Die Stadt Wien schmückt sich schon seit Jahren mit dem selbst gegebenen Titel der „Regenbogenhauptstadt“. Sie verschönert damit nicht nur ihr Image, sondern profitiert auch finanziell durch den Regenbogentourismus, den sie mit dieser Inszenierung fördert. Gerade deswegen ist es eine Schande, dass es im Jahre 2022 noch immer kein queeres Jugendzentrum gibt, welches die HOSI Wien schon seit Jahren fordert.

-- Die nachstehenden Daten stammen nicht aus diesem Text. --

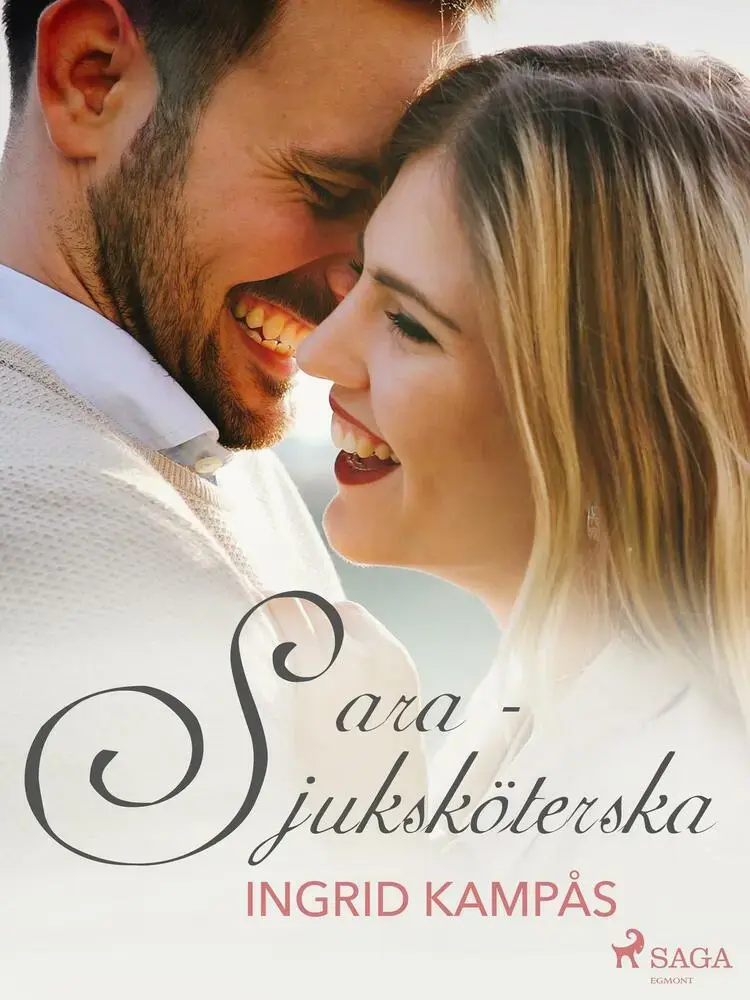 Sara - sjuksköterska af Ingrid Kampås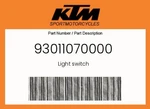 Ktm Genuine Light Switch - 93011070000. Fixed Price $165.61.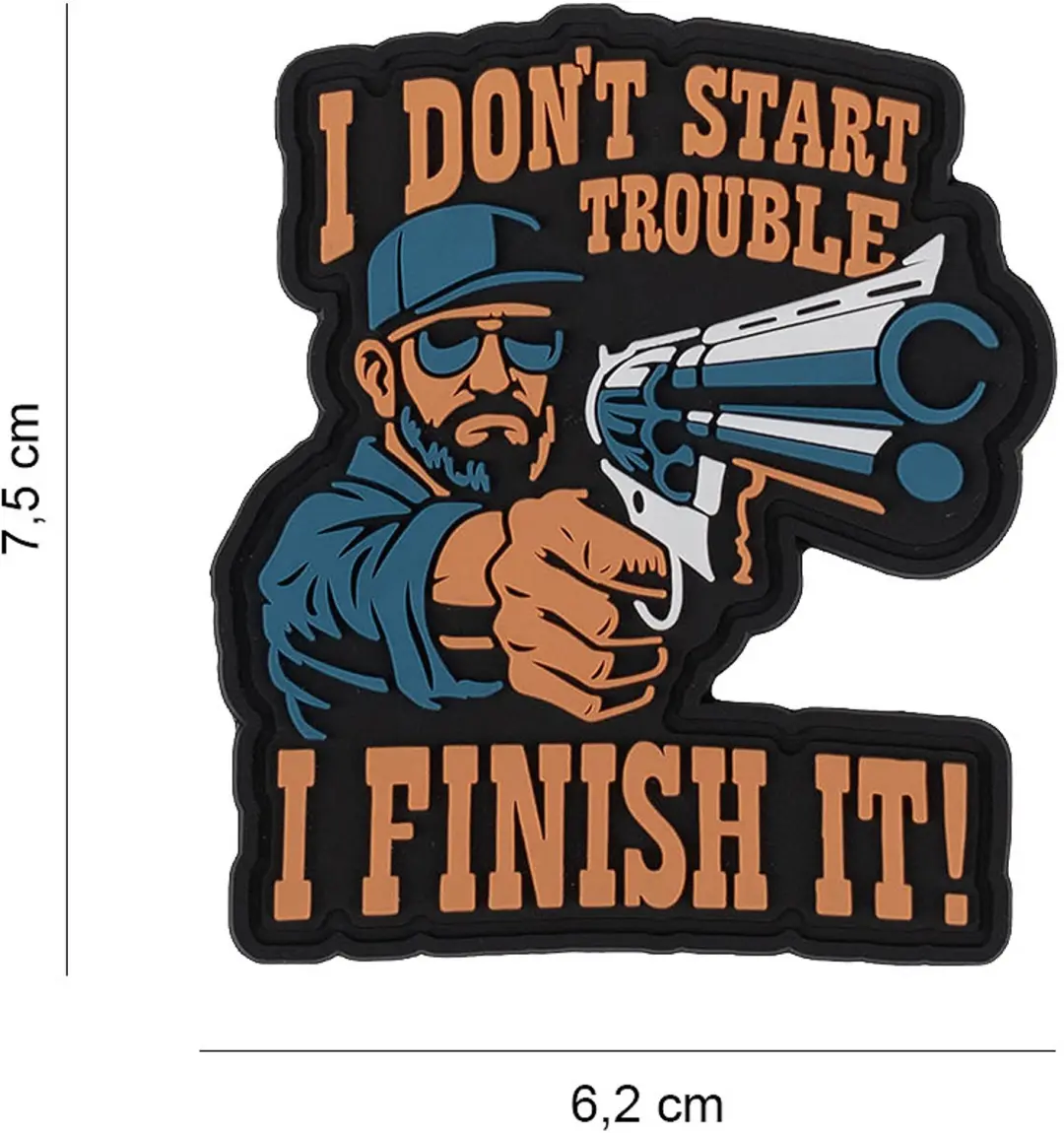 Embleem 3D PVC I don't start trouble #6082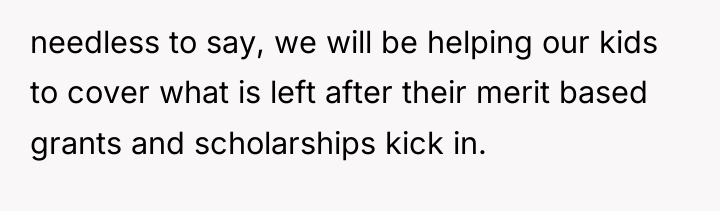 needless to say, we will be helping our kids to...
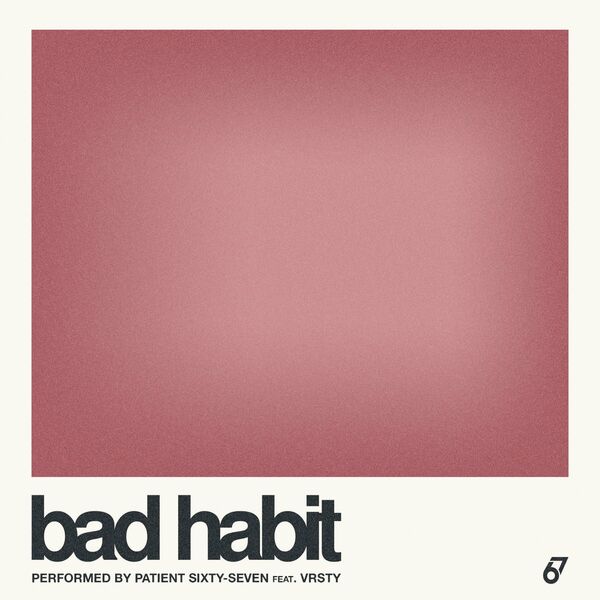 Patient Sixty-Seven - Bad Habit [single] (2023)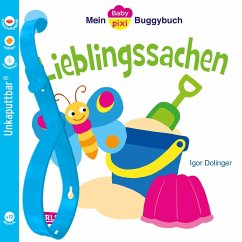 Lieblingssachen / Baby Pixi Bd.46 - Dolinger, Igor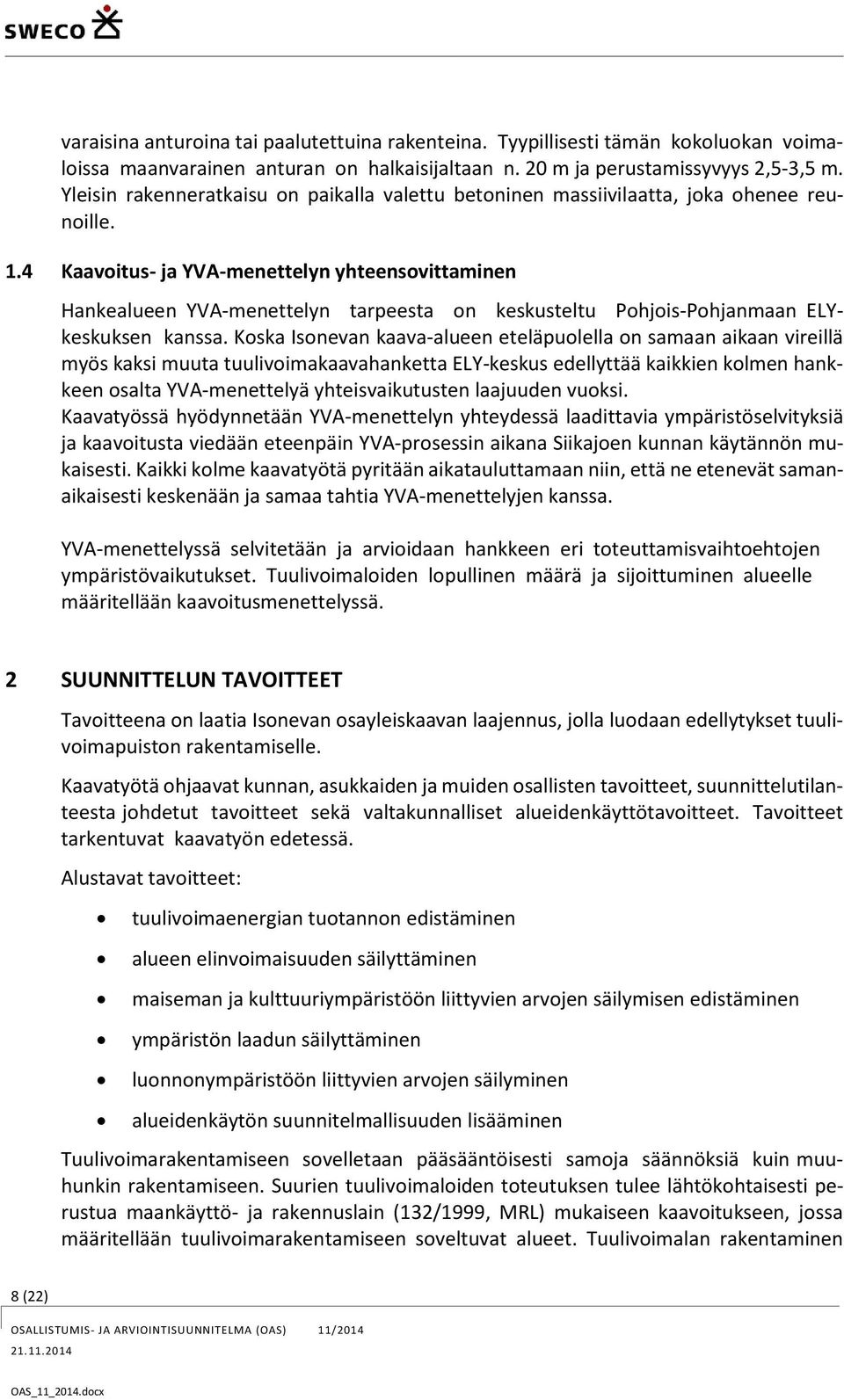4 Kaavoitus- ja YVA-menettelyn yhteensovittaminen Hankealueen YVA-menettelyn tarpeesta on keskusteltu Pohjois-Pohjanmaan ELYkeskuksen kanssa.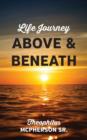 Life Journey Above and Beneath - Book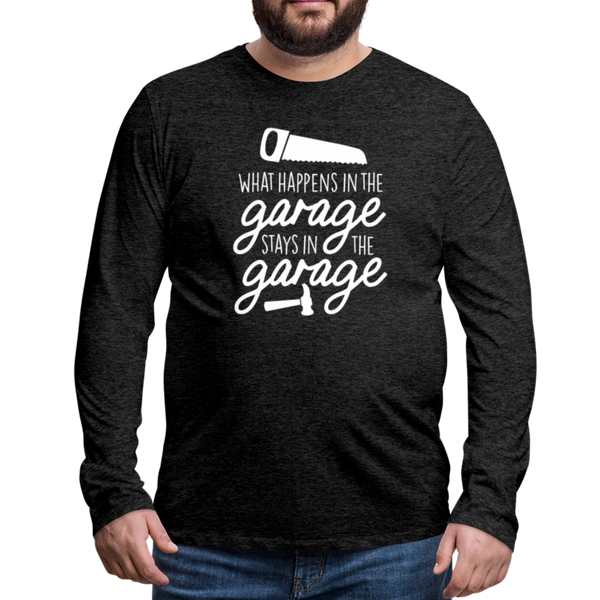What Happens in the Garage Stays in the Garage Men's Premium Long Sleeve T-Shirt - charcoal gray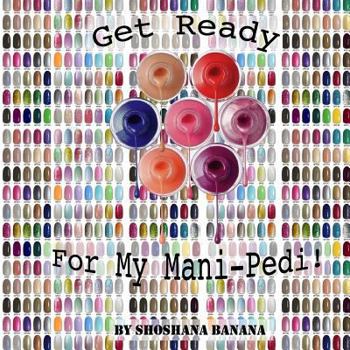 Paperback Get Ready For My Mani-Pedi! Book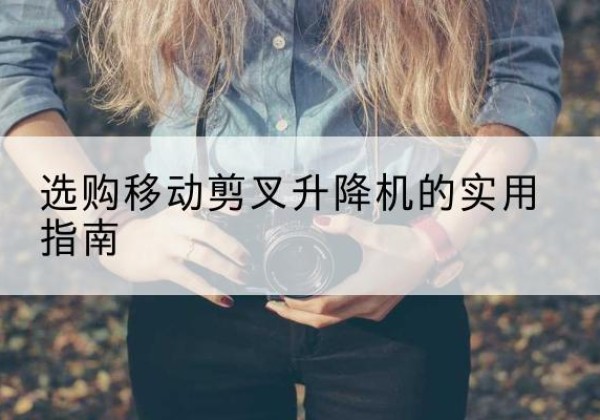 扎赉特旗移动剪叉升降机怎么选-选购移动剪叉升降机的实用指南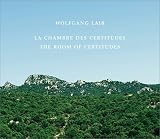 Laib, Wolfgang: LA Chambre Des Certitudes/the Room of Certitudes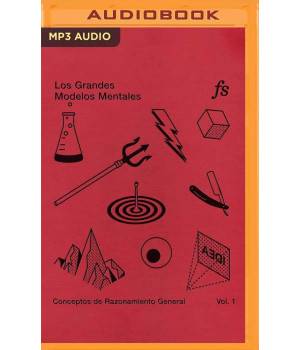 Los Grandes Modelos Mentales: Conceptos de pensamiento generales (Spanish Edition)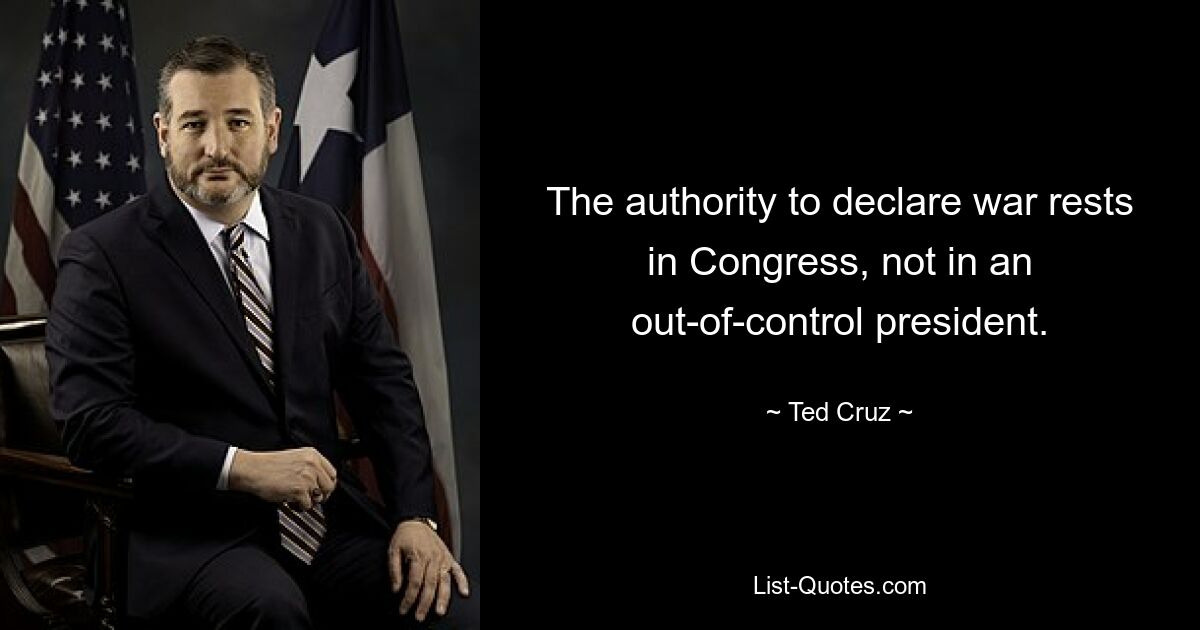 The authority to declare war rests in Congress, not in an out-of-control president. — © Ted Cruz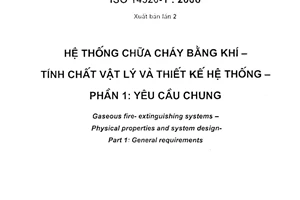 Tiêu chuẩn quốc gia TCVN 7161-1:2009 (ISO 14520-1 : 2006) về Hệ thống chữa cháy bằng khí - Tính chất vật lý và thiết kế hệ thống - Phần 1: Yêu cầu chung
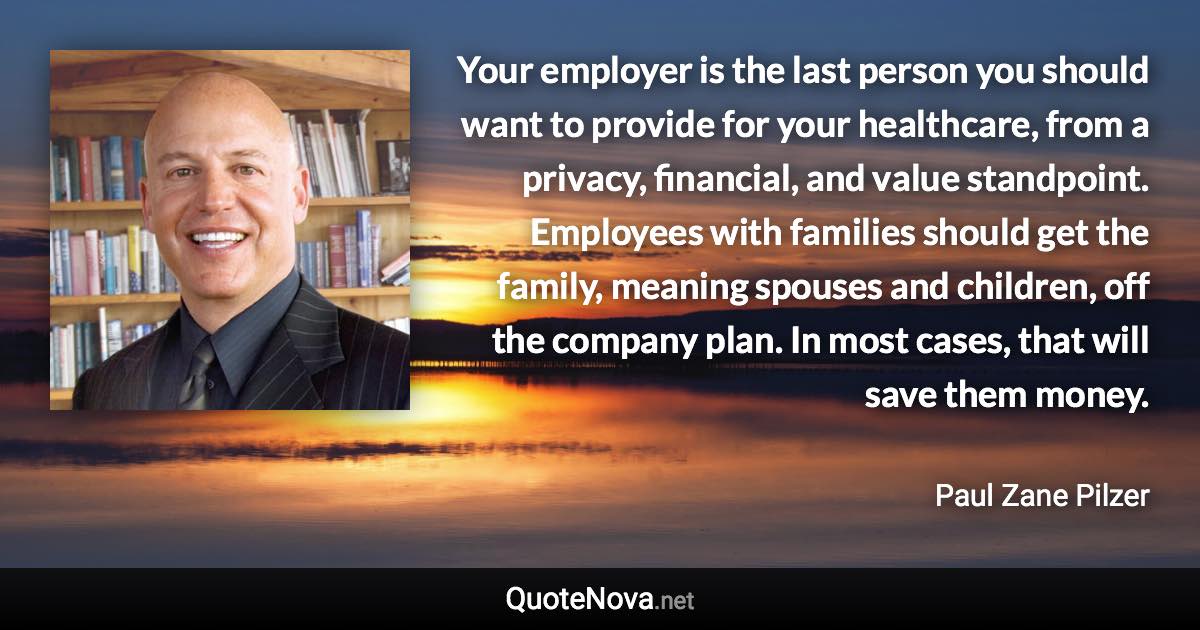 Your employer is the last person you should want to provide for your healthcare, from a privacy, financial, and value standpoint. Employees with families should get the family, meaning spouses and children, off the company plan. In most cases, that will save them money. - Paul Zane Pilzer quote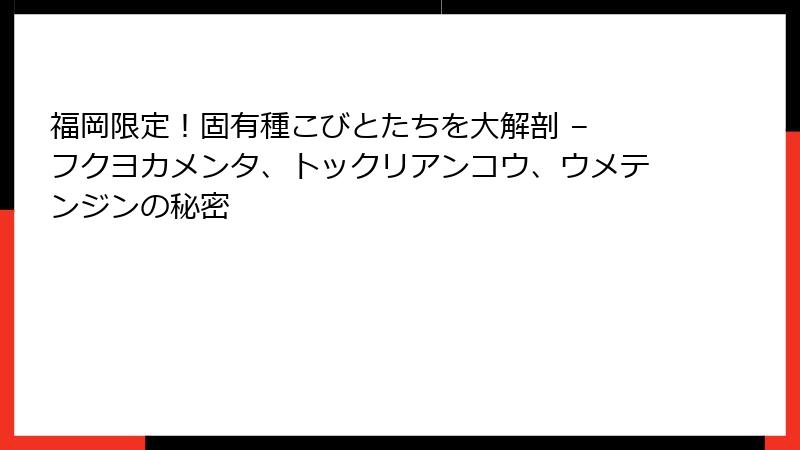 福岡限定!固有種こびとたちを大解剖 – フクヨカメンタ、トックリアンコウ、ウメテンジンの秘密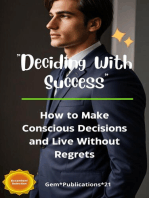 "Deciding With Success”: How to Make Conscious Decisions and Live Without Regrets.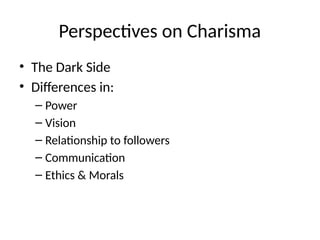 Perspectives on Charisma
• The Dark Side
• Differences in:
– Power
– Vision
– Relationship to followers
– Communication
– Ethics & Morals
 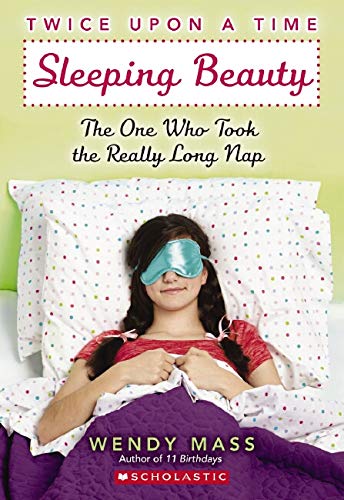 Book Cover Sleeping Beauty, the One Who Took the Really Long Nap: A Wish Novel (Twice Upon a Time #2): A Wish Novel (2)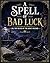 A Spell of Bad Luck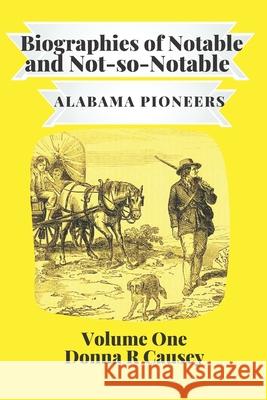 Biographies of Notable and Not-So-Notable: Alabama Pioneers Donna R. Causey 9781533162939 Createspace Independent Publishing Platform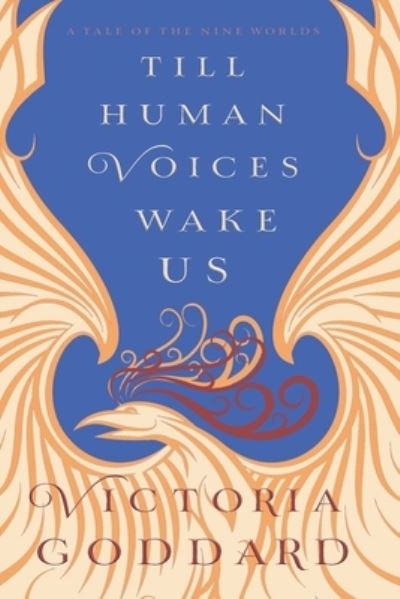 Cover for Victoria Goddard · Till Human Voices Wake Us (Paperback Book) (2019)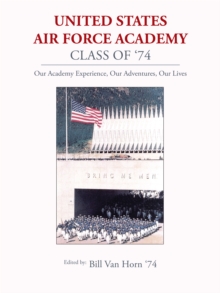 United States Air Force Academy Class of '74 : Our Academy Experience, Our Adventures, Our Lives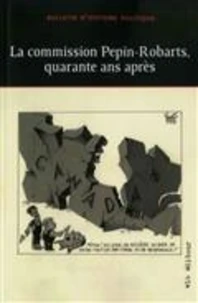 La Commission Pepin-Robarts, quarante ans après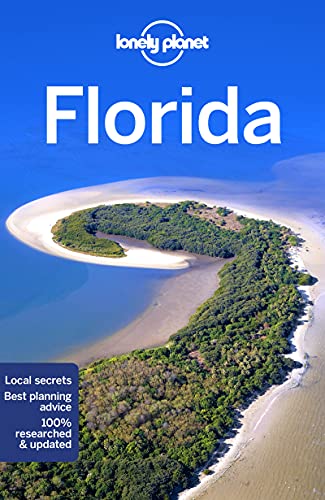 Lonely Planet Florida 9: Perfect for exploring top sights and taking roads less travelled (Travel Guide)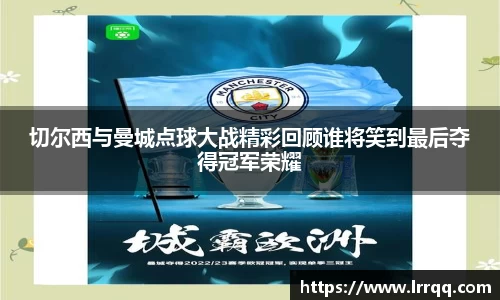 切尔西与曼城点球大战精彩回顾谁将笑到最后夺得冠军荣耀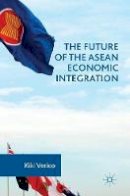 Kiki Verico - The Future of the ASEAN Economic Integration - 9781137596123 - V9781137596123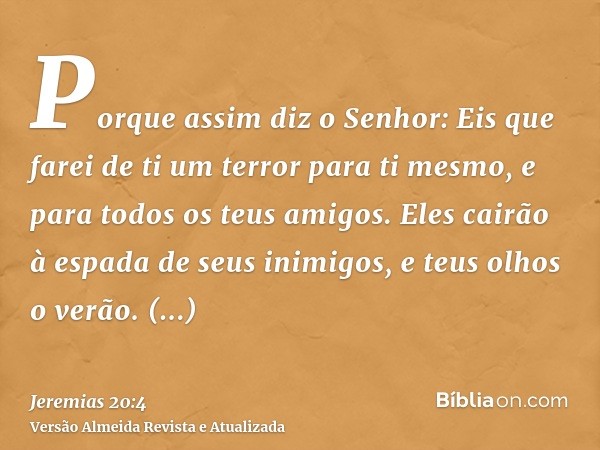 Porque assim diz o Senhor: Eis que farei de ti um terror para ti mesmo, e para todos os teus amigos. Eles cairão à espada de seus inimigos, e teus olhos o verão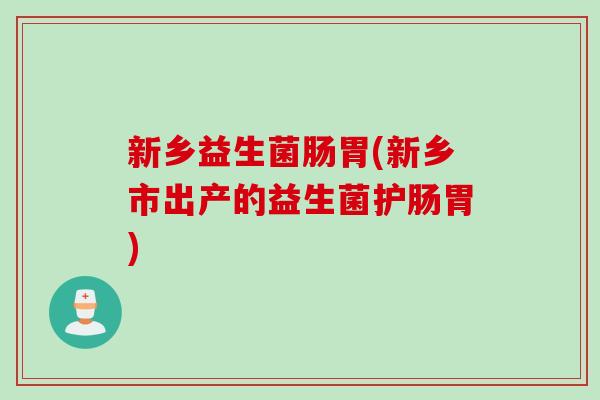 新乡益生菌肠胃(新乡市出产的益生菌护肠胃)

Die Arbeit der QYVIE (Queer Youth Vienna) am donnerstäglichen Jugendabend zeigt uns nämlich den dringlichen Bedarf einer solchen Einrichtung. Der Jugendabend ist nach wie vor die bedeutendste Anlaufstelle für junge queere Personen in Wien. Er wird von uns, dem Jugendteam als Vertretung der LGBT+ Jugend in Wien, ehrenamtlich organisiert. Auch wenn wir durchaus gute Arbeit leisten, können wir das in diesem Bereich benötigte Level von Professionalität, welches durch eine voll finanzierte Einrichtung wie dem geplanten queeren Jugendzentrum hoffentlich gewährleistet werden könnte, nicht anbieten. Uns erreichen ständig Anfragen von besorgten Kindern und Jugendlichen, Eltern, aber auch von Sozialarbeiter*innen, die Unterstützung brauchen. Wir helfen so gut es geht, vor allem mit unserem niederschwelligen Beratungsangebot. So führen wir mit zu uns kommenden und hilfesuchenden Jugendlichen Gespräche, unterstützen sie bei ihrem Coming-out Prozess, ihrem queeren Selbstverständnis und stärken ihren Bezug zur Community. Unsere Expertise beruht dabei auf unserer geteilten queeren Erfahrung, welche offensichtlich wertvoll ist. Trotzdem braucht es dringend mehr und vor allem professionalisierte Angebote in einer fast 2-Millionen Stadt, insbesondere in Anbetracht der Tatsache, dass diese ja die „Regenbogenhauptstadt“ ist. Die Bedürfnisse der queeren Jugend können nämlich nicht lediglich durch engagierte Ehrenamtliche aus der Community gedeckt werden.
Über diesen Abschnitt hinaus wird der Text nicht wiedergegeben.